382 BC Pella, Macedon

Died:

21 October 336 BC (aged 46), Aigai, Macedon

Spouse:

Audata Phila Nicesipolis Olympias Philinna Meda of Odessos Cleopatra Eurydice

Children:

Cynane Philip III Alexander the Great Cleopatra Thessalonica Europa Caranus Ptolemy I Soter

Father:

Amyntas III

Mother:

Eurydice I

For many, the name “Alexander” echoes loudest through the halls of history, but as a student of the ancient world and its coinage, I have always found the father, Philip II, to be the more fascinating architect. When you hold a heavy gold stater or a silver tetradrachm of Philip II, you are not just holding currency, you are holding the fuel that ignited the Hellenistic Age. Ruling from 359 to 336 BC, Philip took a fractured, backwater kingdom and, through sheer grit and strategic genius, forged the most formidable military machine the Mediterranean had ever seen. His coinage, much like his reign, was a masterclass in propaganda and economic warfare, signaling to the Greek world that Macedon was no longer a peripheral player, but the new sun around which all others would orbit.

Hostage, Student, and King: The Theban Education

Born in 382 BC as the youngest son of Amyntas III, Philip’s path to the throne was anything but guaranteed. His early years were defined by the precariousness of Macedonian royalty, leading to a period of his youth spent as a hostage in Thebes. Far from being a hindrance, this was his greatest stroke of luck. In Thebes, he studied under the legendary general Epaminondas, observing the tactical innovations of the Theban sacred band. He returned to Macedon in 364 BC, and by 359 BC, following the death of his elder brothers, he ascended to a throne surrounded by enemies. Illyrians, Thracians, and Paeonians were all gnawing at the borders, yet Philip, using a blend of bribery and sudden, violent military strikes, secured his kingdom within a single year.

The Sarissa and the Phalanx: Redefining Warfare

Philip knew that a king was only as strong as his spears. He revolutionized the Macedonian army, introducing the sarissa, a terrifyingly long pike reaching up to six meters in length. He organized his infantry into the dense, bristling Macedonian phalanx, a formation that turned his soldiers into an unstoppable forest of bronze and iron.

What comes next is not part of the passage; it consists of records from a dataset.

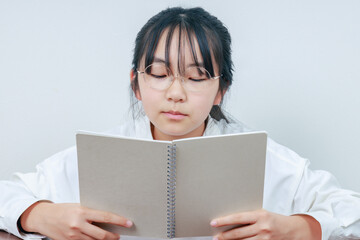 ノートを読み返している眼鏡女子のアップ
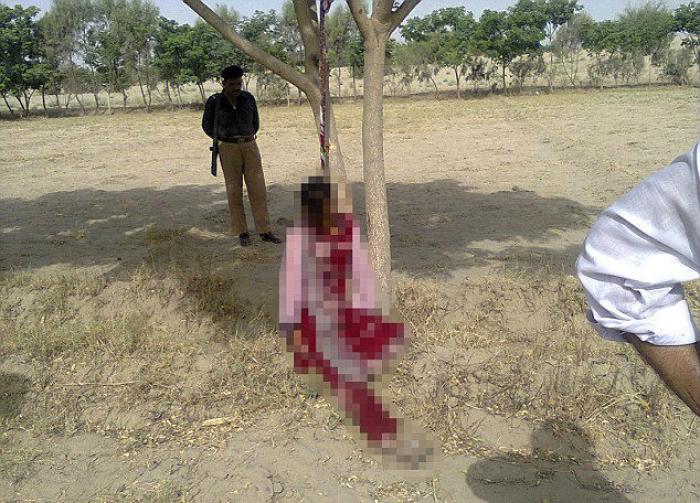 A policeman stands near the body of Muzammil Bibi, 20, after policemen lowered her to the ground. Sh A policeman stands near the body of Muzammil Bibi, 20, after policemen lowered her to the ground. Sh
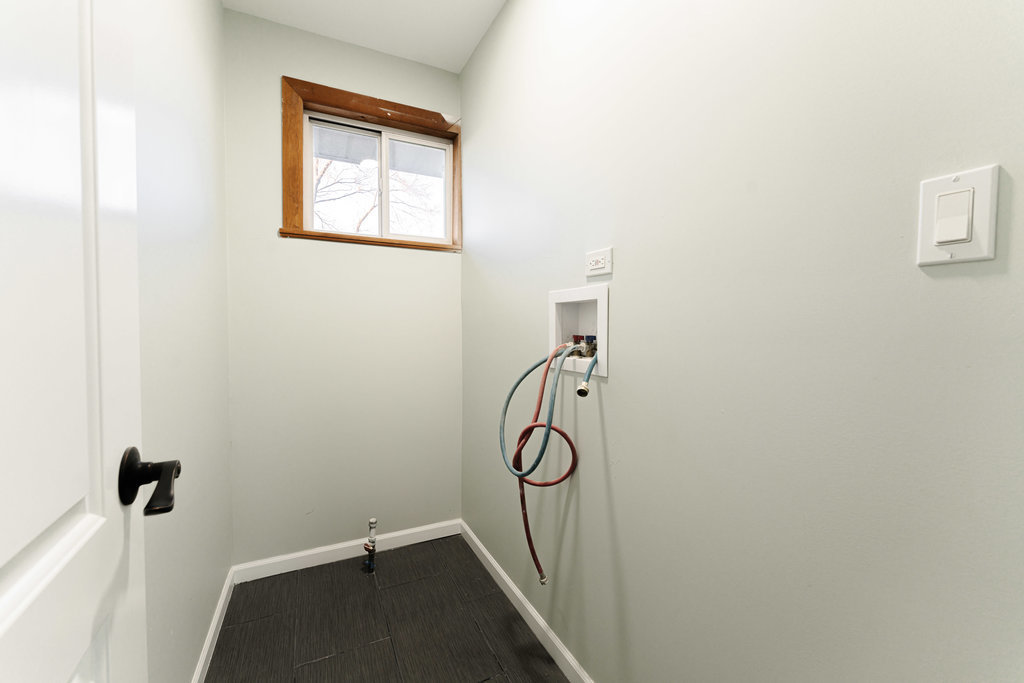 4841 West 119th Street Alsip, IL 60803 - Photo 22 of 33 a view of a room with rack on the wall and a window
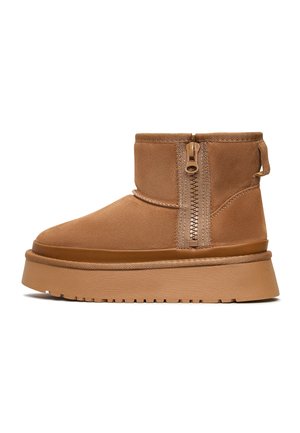 Stivaletti in suede marrone con cerniera laterale, punta tondeggiante e suola spessa. Finitura testurizzata con un accento liscio attorno al bordo della suola.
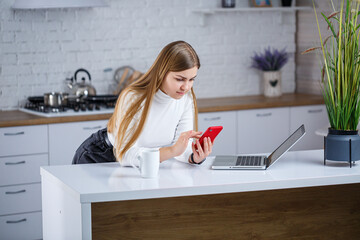 In a modern kitchen, a woman uses her smartphone in a tranquil space with minimalist decor and greenery, creating an ideal environment for multitasking and relaxation during her morning routine
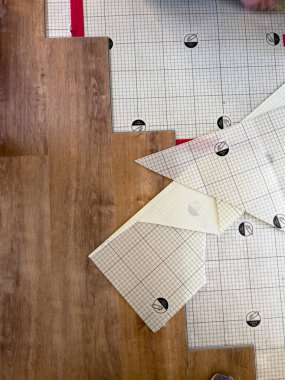 Süpürge, Colorado, ABD-6 Temmuz 2024 döşeme döşeme işleminin detaylı bir görüntüsü, şebeke desenli bir altyapının üzerine döşenmiş ahşap kaplama döşemesini gösteriyor. Yeraltı güvenliği sağlandı.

But Philip’s genius extended beyond the battlefield. He understood that to conquer Greece, he needed more than just blood, he needed gold. His capture of the gold mines at Mount Pangaion was perhaps his most significant victory. He founded the city of Philippi nearby to oversee the extraction, and soon, a flood of “Philippeioi”—beautiful gold staters—began to circulate throughout Greece. These coins were used to pay his professional army and, just as importantly, to bribe the politicians of Athens and Thebes. As Philip famously said, no city wall was high enough that a donkey laden with gold could not climb over it.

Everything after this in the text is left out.